All of which is a long story about how I lost my assistant. But I'm pleased to report that Lazy has atoned for this theft by creating “Fatamorgana”, a gorgeous CD of surprising, original and soulful music. It's music that could only have been created by a virtuoso musician whose life encompasses the Balkans, rock-and-roll, war, peace, love, a wife and a new son.
Following is a review from the September 05 issue of Unsigned Magazine:
“If you love guitar driven instrumentals, you have to - let me repeat this - YOU HAVE TO buy this cd. The genre of the cd is world fusion, and indeed, the songs are very exotic, a mixture of flamenco, gypsy, and something “other” that I can’t place, but so exquisitely beautiful, you’re immediately transported away from the humdrum of everyday.
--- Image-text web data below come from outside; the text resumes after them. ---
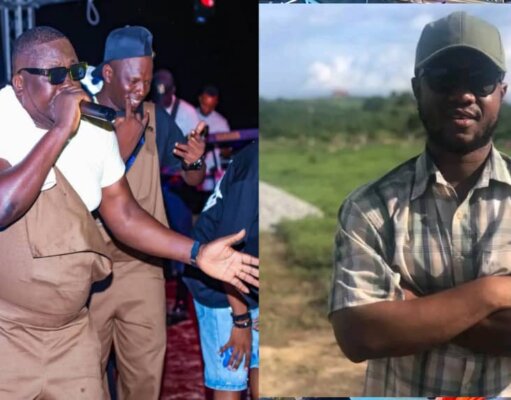 Kao Denero’s Choice of Concert Outfit: Thoughts From A Hip-Hop Intellectual Paul A. Conteh (Octopus) and Kao Denero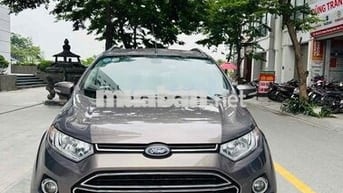 Ford EcoSport 2018 1.5L Titanium AT - 100000 km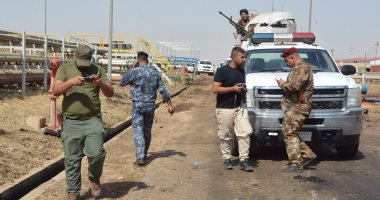 انفجار سيارة مفخخة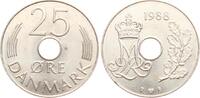 Dänemark 1 Krone Margrethe II. -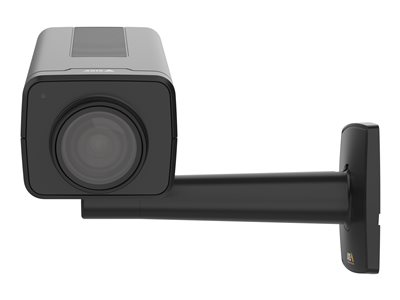AXIS Q1715 - Network surveillance camera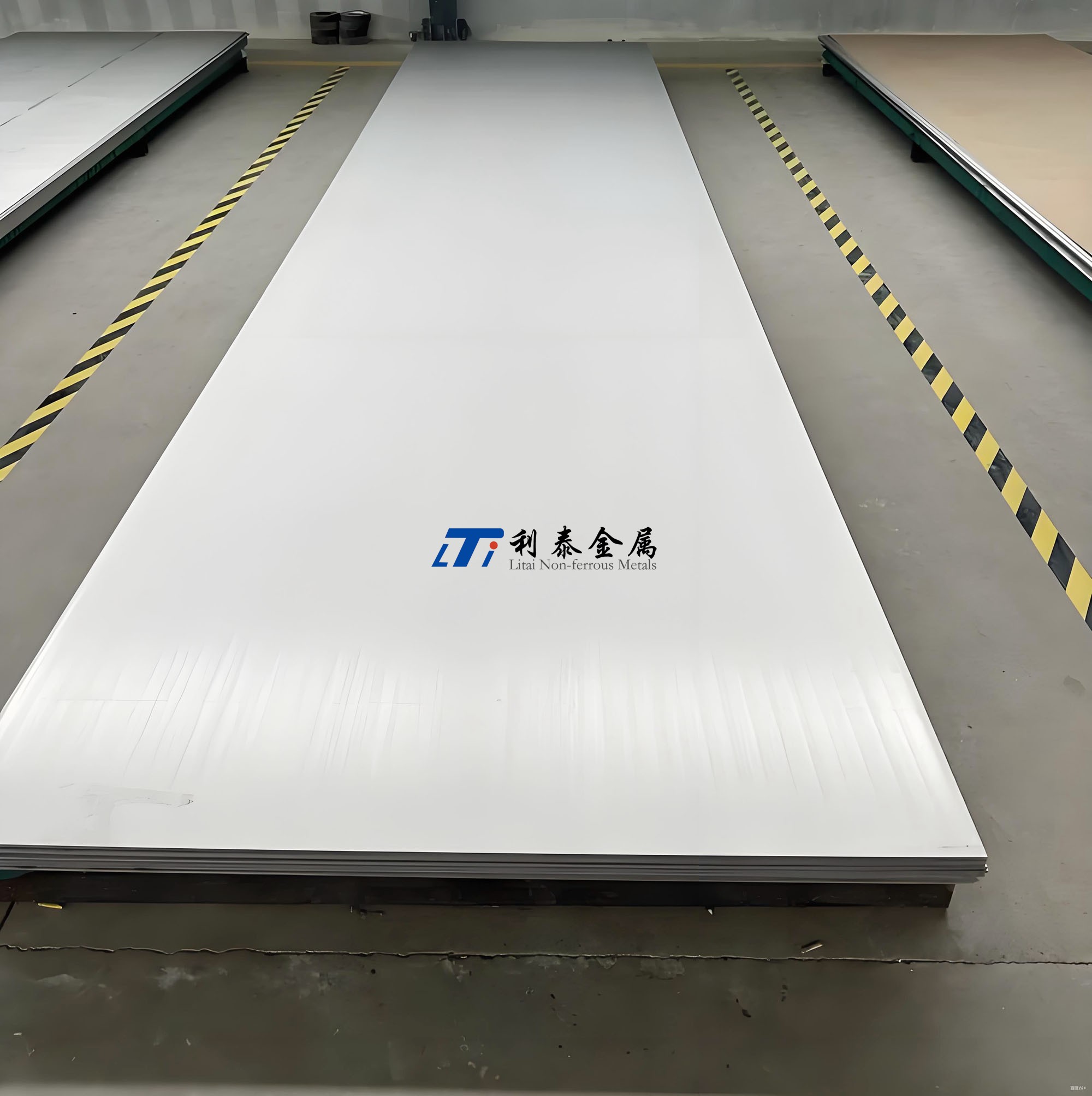 低強(qiáng)度高塑性TC2鈦板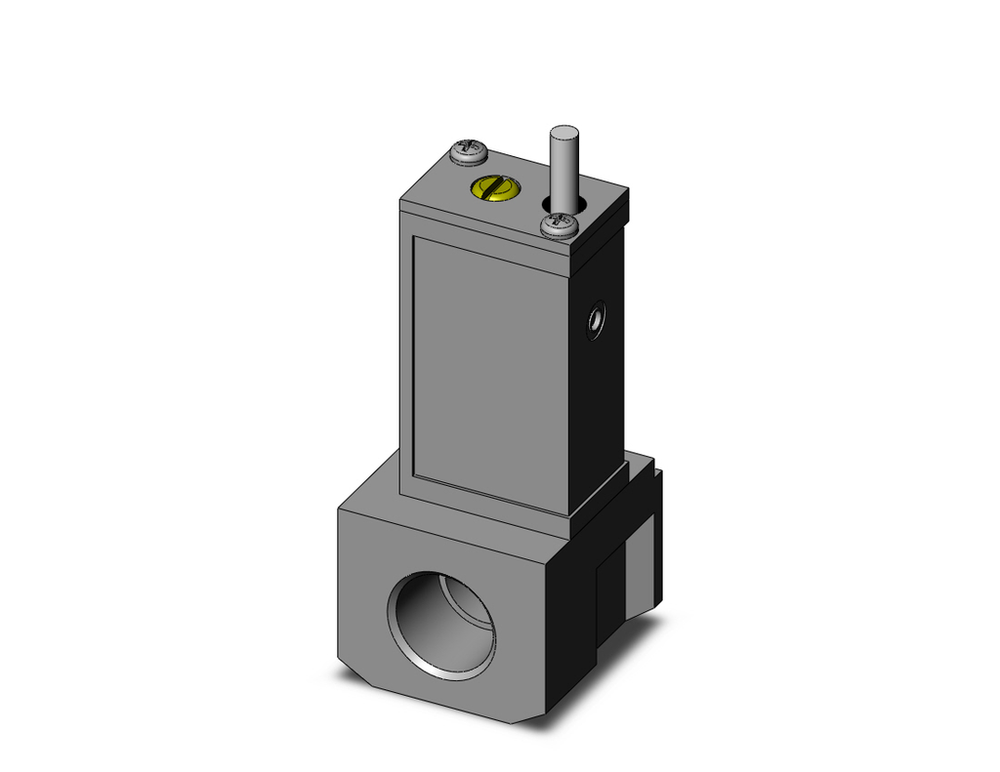 Image of SMC IS10E-2002-L-A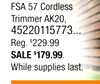 Stihl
The music is as fascinating as the story of the musician himself, a man who somehow learned to draw incredible sounds from the guitar while surrounded by the chaos of wartime Sarajevo. There is a depth to each of the songs on this cd that words can’t really explain and the best I can say is that Amir Beso is easily on the caliber of Santana or Jimi Hendrix in terms of raw talent. I don’t believe there’s one song on this cd that you won’t love.”
© Unsigned Magazine
“Coming out of Seattle by way of Sarajevo, Amir Beso has put together a guitar player’s dream set with “Fatamorgana.” Taking hints of Flamenco and Classical styles and mixing them with bits of Jazz, Folk and even Rock, Beso proves to be one of the best players this side of the Atlantic.
This release was written, recorded, mixed, produced and mastered by Beso. This is an artist with many talents, and the best of them is his ability to write the magical melodies you hear on “Fatamorgana.” All of his talents come to life as he precisely picks strings that cry out with an urgency and a soul. Each song seems to have a beating heart and a personality.
Surviving in a war-torn Sarajevo for many years, Beso conveys the spirit of the time through his instrument in songs like “Balkan Nights” and “Sweet Solitude.” There are so many emotions flowing through these songs, it’s difficult to finger just one or two. The solemn grace and sensitivity that emanates from “Laura’s Lullaby” and “Mikey’s Song,” are offset by the playful bounce of tunes like “Gypsyland” and “Caravan.” This is instrumental guitar music of the highest caliber.” - Scott Itter, DrMusic.org
“Virtuoso is a word too often tossed about lightly. But, it would not be out of place in describing this album and the Balkan-born musician whose work it represents.
Amir Beso is, in the best sense of the word, a virtuoso. You don’t even have to like the kind of music on his album, Fatamorgana, to admit his virtuosity. It’s evident by the precise fingering and fretting that this is a skilled guitarist.
Fatamorgana offers a pleasant listening experience. It’s an exotic mix -- flamenco, gypsy, Middle Eastern -- but with a modern twist perhaps owing to Beso’s early immersion in metal and rock.
From the title track to “Balkan Nights” and the lovely lullaby written for his wife, there’s a lot of passion and just plain good listening in those 10 tracks.” - John R. Lindermuth, Rambles Magazine
Amir Beso is among five nominees/finalists up for 2006 Independent Music Awards in the World Fusion category. His debut solo album “Fatamorgana” is nominated for 2006 Album of the Year.(http://www.musiciansatlas.com/pages/ima_finalists.asp)
Indie Acoustic Project, which “celebrates the best in innovative, independent acoustic music” included Amir Beso’s album “Fatamorgana” among three nominees for the “Best CD of 2005 Award” in category World Music - Latin.